> Data excerpts
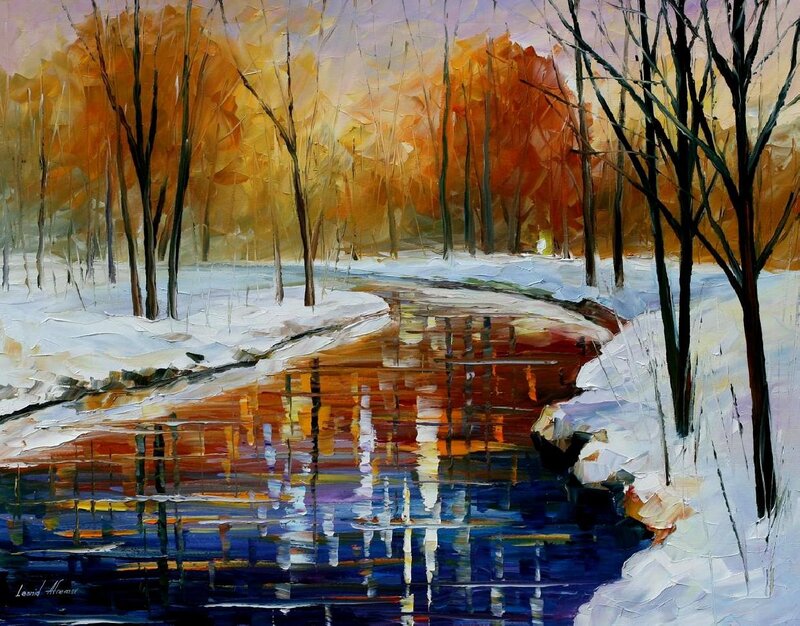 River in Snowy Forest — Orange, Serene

--

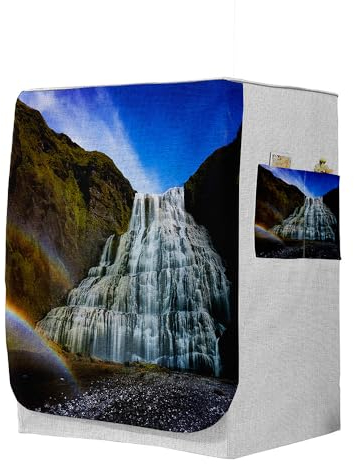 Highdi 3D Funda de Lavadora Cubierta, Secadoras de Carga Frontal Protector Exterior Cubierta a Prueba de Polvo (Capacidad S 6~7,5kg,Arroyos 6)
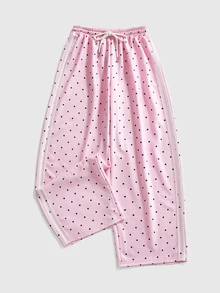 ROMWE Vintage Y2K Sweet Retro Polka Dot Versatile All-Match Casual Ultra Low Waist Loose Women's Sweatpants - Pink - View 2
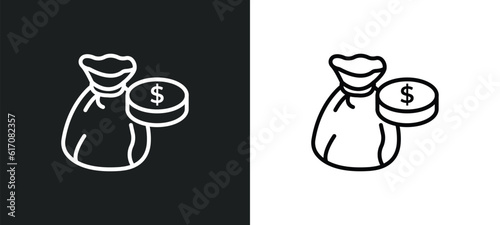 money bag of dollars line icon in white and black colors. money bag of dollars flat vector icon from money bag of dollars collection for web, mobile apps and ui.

> Work order
Take the entries above and copy exactly the lines starting at the one with "Highdi 3D Funda" and ending at the one with "money bag of dollars line"; nothing outside that span, and no pictures.

> Response area
 Highdi 3D Funda de Lavadora Cubierta, Secadoras de Carga Frontal Protector Exterior Cubierta a Prueba de Polvo (Capacidad S 6~7,5kg,Arroyos 6)
 ROMWE Vintage Y2K Sweet Retro Polka Dot Versatile All-Match Casual Ultra Low Waist Loose Women's Sweatpants - Pink - View 2
 money bag of dollars line icon in white and black colors. money bag of dollars flat vector icon from money bag of dollars collection for web, mobile apps and ui.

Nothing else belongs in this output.